Relation to Prior Work: There is thorough discussion on related work and their differences from this work.
Additional Feedback: A correct understanding of how each point (leaf node) in the original space is mapped to some corresponding point in the hyperbolic embedding would help the confidence in my evaluation of this paper. =======Post-rebuttal update======= Although the embedding provides a (1+eps) distortion, the feedback states that there are no known improvements for approximating the continuous optimum, in which case there does not seem to be a provable advantage to using the embedding. Nevertheless, the paper gives a nice novel proof-of-concept. In the experimental sections, the authors compare the greedy and sampling heuristics in the continuous space to other baselines in the original space. However, the improvement of the continuous embedding approach over the other baselines is not convincing to me, given the relativity of the objective values, hyperparameter tuning, and the total number of runs.

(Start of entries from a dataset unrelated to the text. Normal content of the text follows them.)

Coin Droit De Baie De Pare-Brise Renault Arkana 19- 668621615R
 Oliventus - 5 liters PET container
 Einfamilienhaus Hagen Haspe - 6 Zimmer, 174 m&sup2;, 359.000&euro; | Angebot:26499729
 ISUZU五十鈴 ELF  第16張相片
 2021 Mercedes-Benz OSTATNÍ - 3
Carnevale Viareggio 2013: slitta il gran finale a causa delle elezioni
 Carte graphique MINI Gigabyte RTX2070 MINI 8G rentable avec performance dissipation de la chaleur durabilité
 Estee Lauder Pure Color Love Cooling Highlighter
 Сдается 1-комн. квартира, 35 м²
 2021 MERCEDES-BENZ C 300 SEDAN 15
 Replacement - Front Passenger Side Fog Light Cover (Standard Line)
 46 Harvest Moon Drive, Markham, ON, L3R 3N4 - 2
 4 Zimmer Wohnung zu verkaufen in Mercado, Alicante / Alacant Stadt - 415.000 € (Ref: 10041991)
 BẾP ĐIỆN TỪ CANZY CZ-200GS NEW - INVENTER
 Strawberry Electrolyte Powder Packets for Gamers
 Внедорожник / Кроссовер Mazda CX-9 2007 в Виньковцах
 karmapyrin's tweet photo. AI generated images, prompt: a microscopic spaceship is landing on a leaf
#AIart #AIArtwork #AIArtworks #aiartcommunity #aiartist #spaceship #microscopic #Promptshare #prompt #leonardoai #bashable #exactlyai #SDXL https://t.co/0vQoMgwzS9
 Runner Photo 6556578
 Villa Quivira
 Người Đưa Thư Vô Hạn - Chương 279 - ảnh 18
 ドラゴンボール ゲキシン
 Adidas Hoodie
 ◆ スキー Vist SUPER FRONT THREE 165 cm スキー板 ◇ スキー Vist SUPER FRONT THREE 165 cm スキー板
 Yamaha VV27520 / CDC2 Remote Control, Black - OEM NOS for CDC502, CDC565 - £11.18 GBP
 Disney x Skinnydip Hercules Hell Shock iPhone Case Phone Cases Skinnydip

Summary and Contributions: The paper presents an approach for hierarchical clustering in hyperbolic space. The starting point is the work presented in , a discrete cost function for the hierarchical clustering over binary trees. The main contribution of the paper is to propose a relaxation of the cost through hyperbolic space leading to a differentiable cost which allows to find an hyperbolic embedding of the data to cluster. A decoding algorithm is then used to retrieve the corresponding discrete binary tree from the embeddings. Theoretical results mainly concern the correctness of the relaxation wrt the optimal discrete cost. Experiments are conducted on real datasets to compare with hierarchical SOA approaches. **** After feedback : I thank the authors for the clarifications. I understand that the aim of the paper is not to be competitive with other clustering algorithms but my remark on evaluation was essentially out of curiosity. Thanks for the effort to include more details about the implementation.
Strengths: The idea of continuous representation of trees in hyperbolic space is not new but the chosen approach - i.e. direct relaxation of the  cost - is very interesting. The proposed formulation and the notion of spread embedding at the core of the method are original. The proof of the correctness of the cost approximation is also very interesting.
Weaknesses: The core weakness of the paper is its readability. The paper is very dense and difficult to read. The reading of the appendix is mandatory to understand the paper. For instance, the core notion of spread embedding is presented in a few lines in section 4.1 and never used afterthat. It seems that the authors have written a long version of this paper and cut it to fit in the required format but without smoothing the core text. The second weakness concerns the reproductibility: no details are given regarding the implementation of the algorithms and the difficulty of the optimization. Notoriously optimizing embeddings in hyperbolic spaces is difficult and often requires tricks to achieve good performances. The authors state that the code will be availble but a paragraph on this subject will be really appreciated (maybe I am wrong and the optimization is straightforward ?). Finally, the experiments show interesting results regarding the capacities of the approach to achieve a good cost in the sense of  but I think that for the wider audience results like Table 2 (in appendix) showing purity scores are more interesting. However those results concern only 2 of the dataset, it would be very interesting to have complete results.
Correctness: The reported results are not the average of the runs but the best score, the authors explain clearly and satisfactorily the reasons.
Clarity: See weaknesses. The paper should be reorganized in order to be fully understable without the reading of the annex.
Relation to Prior Work: The details are provided in the Annex. The core article is missing crucial comparison to prior work.
Additional Feedback: The work is very interesting and deserves to be published, but the present form is really hard to read.